GATK_GENOMICSDBIMPORT: "--java-options '-Xmx40G' "
GATK_GENOTYPEGVCFS: "--java-options '-Xmx40G' -new-qual"
VCFTOOLS: ["--minDP 5 --minQ 30 --remove-indels --recode --recode-INFO-all --maf 0.05 --max-missing 0.7",
"--minDP 20 --minQ 30 --remove-indels --recode --recode-INFO-all --maf 0.01 --max-missing 0.5"]
RAXML: "-m GTRGAMMAX -f a -x $RANDOM -# autoMRE -p 600"
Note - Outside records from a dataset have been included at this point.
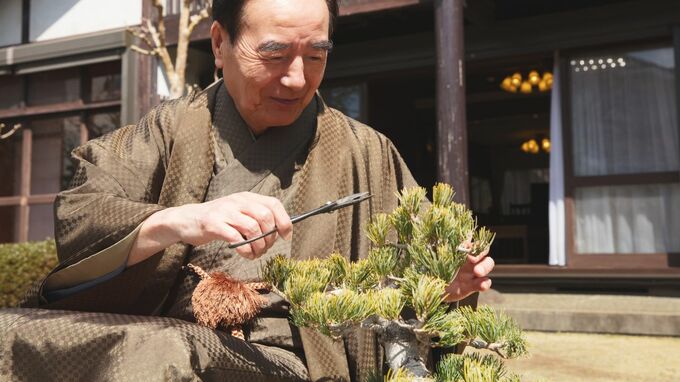 本当は「貯金1億円・年金420万円」だが…〈60代元共働き夫婦〉友人が来たら高級盆栽を隠し、シニア割の情報通、移動は軽自動車。富裕層であることを隠す理由【FPが解説】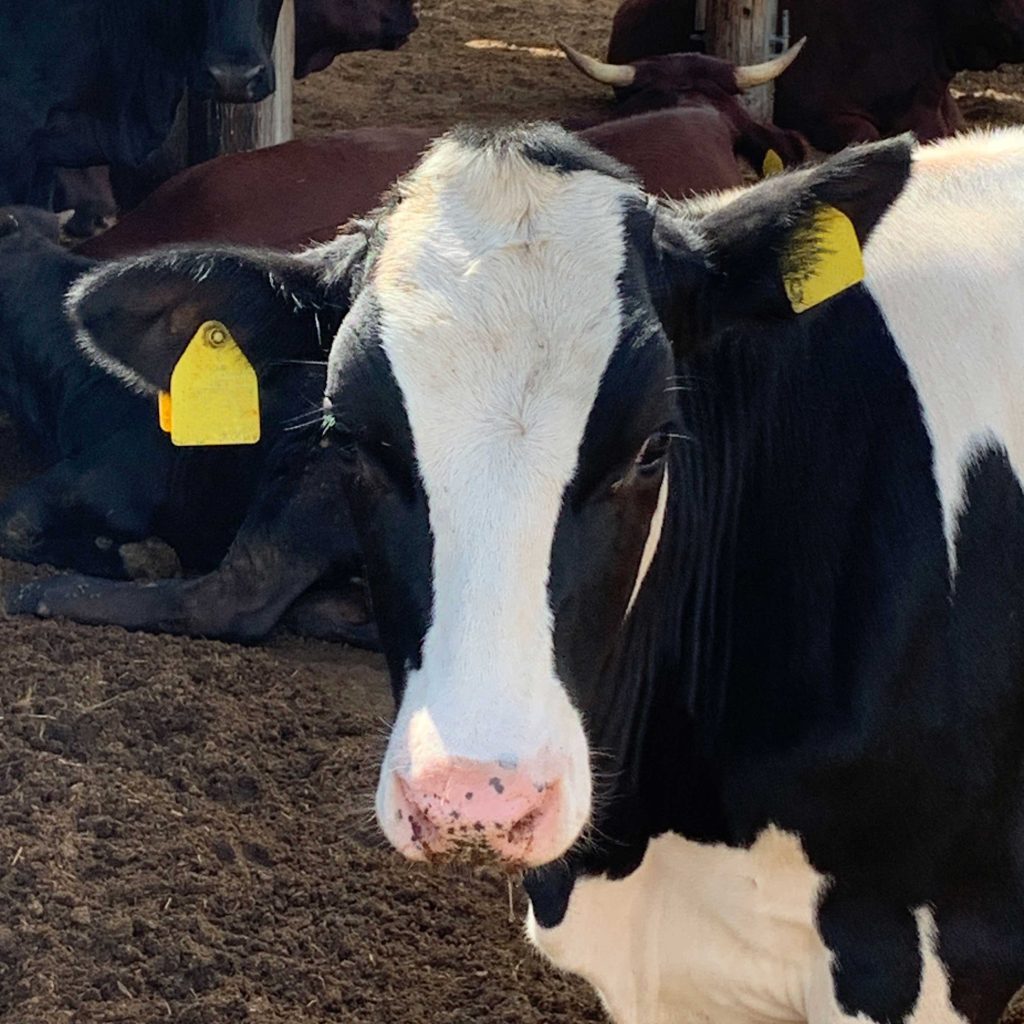 牛の除角：安全かつ確実な方法とは？ | dairyman-ec.com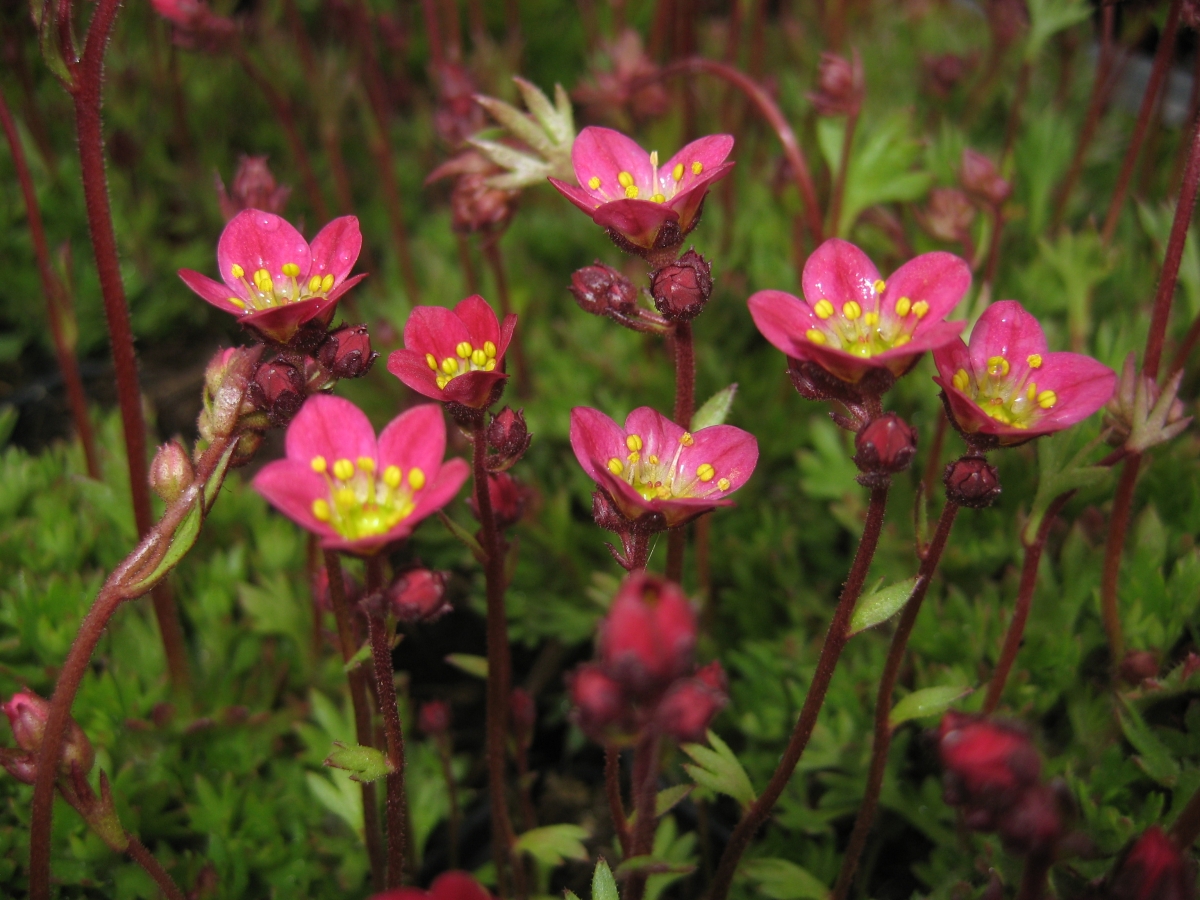 12278_saxifraga_arendsii_XS_002.jpg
RAXML_NG: "--all --model GTR+G --tree pars{50},rand{50} --bs-trees 100 --seed $RANDOM"
Warning
Please check documentation of each tool (outside of RattleSNP, and make sure that the settings are correct!)
How to run the workflow
Before attempting to run rattleSNP, please verify that you have already modified the config.yaml
file as explained in 1. Providing data.
If you installed RattleSNP on a HPC cluster with a job scheduler, you can run:
run_cluster
rattleSNP run_cluster [OPTIONS] [SNAKEMAKE_OTHER]...
Options
- -c, --config <config>
Required Configuration file for run tool
- -pdf, --pdf
Run snakemake with –dag, –rulegraph and –filegraph
- Default:
False
Arguments
- SNAKEMAKE_OTHER
Optional argument(s)
run_local
rattleSNP run_local [OPTIONS] [SNAKEMAKE_OTHER]...
Options
- -c, --config <config>
Required Configuration file for run tool
- -t, --threads <threads>
Required Number of threads
- -p, --pdf
Run snakemake with –dag, –rulegraph and –filegraph
Arguments
- SNAKEMAKE_OTHER
Optional argument(s)
Advance run
Providing more resources
If the cluster default resources are not sufficient, you can edit the cluster_config.yaml
file. See 2. Adapting cluster_config.yaml:
edit_cluster_config
Edit cluster_config.yaml use by profile
rattleSNP edit_cluster_config [OPTIONS]
Providing your own tools_config.yaml
To change the tools used in a RattleSNP workflow, you can see 3. How to configure tools_path.yaml
edit_tools
Edit own tools version
rattleSNP edit_tools [OPTIONS]
Options
- -r, --restore
Restore default tools_config.yaml (from install)
- Default:
False
Output on RattleSNP
The architecture of RattleSNP output is designed as follow:
OUTPUT_RattleSNP/
├── 1_mapping
├── 2_snp_calling
├── 3_full_snp_calling_stats
├── 4_raxml
├── LOGS
Report
RattleSNP generates a useful report containing, foreach fastq, a summary of interesting statistics !!